WHAT IS NEEDED: A verbatim copy of the full data, with no pictures, is the expected answer.

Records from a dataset
------------------------------------

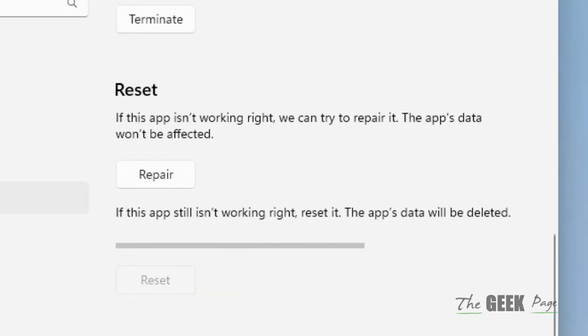If this does not get fixed, there is one more thing which you can do.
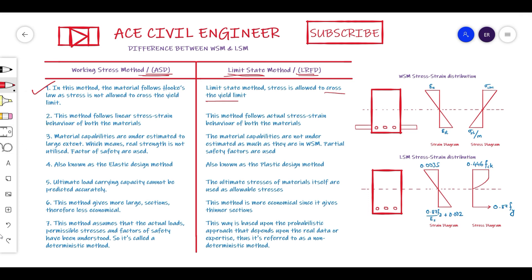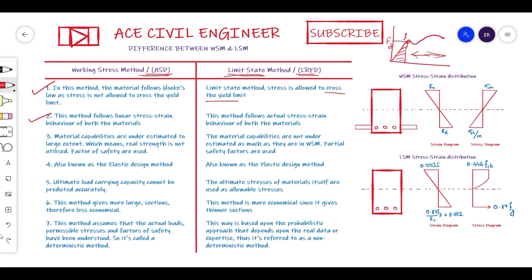In the Working Stress Method, it follows the linear stress-strain behavior of both materials — concrete and steel — and the material capabilities are underestimated to a large extent. Since we consider the yielding point as the allowable limit, we are not utilizing the member to its maximum capacity. Only the elastic portion of the stress-strain curve is used; the plastic region beyond yielding is not used at all. The FY value — the yield stress — is the limiting point, and we apply a factor of safety to the strength of the material.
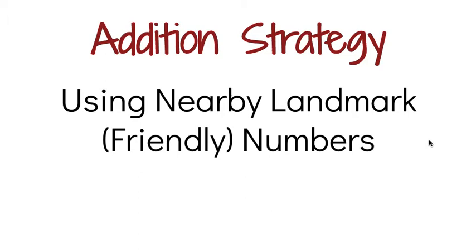Hi, this is Mrs. Nelson. We're going to look at an addition strategy today that involves using nearby landmark numbers. Landmark numbers can also be called friendlier numbers. They can also just be thought of as numbers that are easier for us to add, that we're much more comfortable with, much more familiar with.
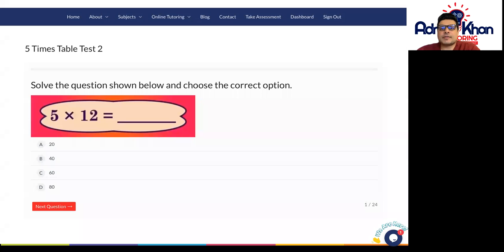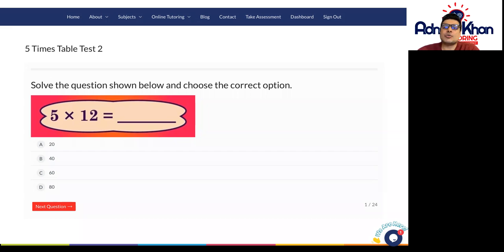Welcome to the five times table. There are 24 five times table questions here, so try your best, answer them as best as you can, and see how much you score out of 24 at the end. We'll test you in our next follow-up class. Good luck with this, thank you.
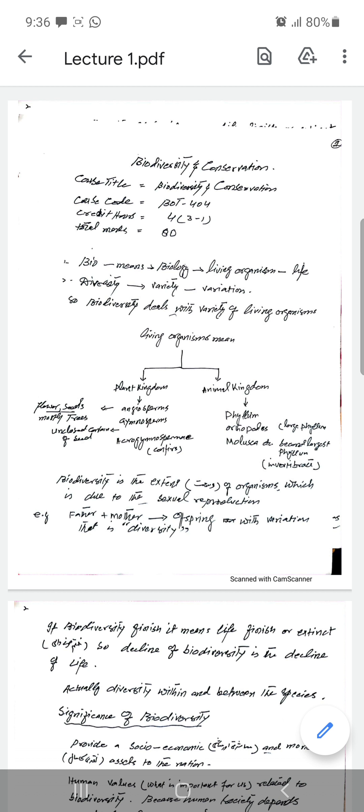In the plant kingdom there are divisions based on seeds, whereas in the animal kingdom there are phyla. The largest phylum is Arthropoda, and the second largest is Mollusca, which includes invertebrates. So biodiversity, in this sense, can be defined as the extent of organisms — the variety of different types of organisms that exist.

------------------------------------

ANSWER BOX:
If this does not get fixed, there is one more thing which you can do.
In the Working Stress Method, it follows the linear stress-strain behavior of both materials — concrete and steel — and the material capabilities are underestimated to a large extent. Since we consider the yielding point as the allowable limit, we are not utilizing the member to its maximum capacity. Only the elastic portion of the stress-strain curve is used; the plastic region beyond yielding is not used at all. The FY value — the yield stress — is the limiting point, and we apply a factor of safety to the strength of the material.
Hi, this is Mrs. Nelson. We're going to look at an addition strategy today that involves using nearby landmark numbers. Landmark numbers can also be called friendlier numbers. They can also just be thought of as numbers that are easier for us to add, that we're much more comfortable with, much more familiar with.
Welcome to the five times table. There are 24 five times table questions here, so try your best, answer them as best as you can, and see how much you score out of 24 at the end. We'll test you in our next follow-up class. Good luck with this, thank you.
In the plant kingdom there are divisions based on seeds, whereas in the animal kingdom there are phyla. The largest phylum is Arthropoda, and the second largest is Mollusca, which includes invertebrates. So biodiversity, in this sense, can be defined as the extent of organisms — the variety of different types of organisms that exist.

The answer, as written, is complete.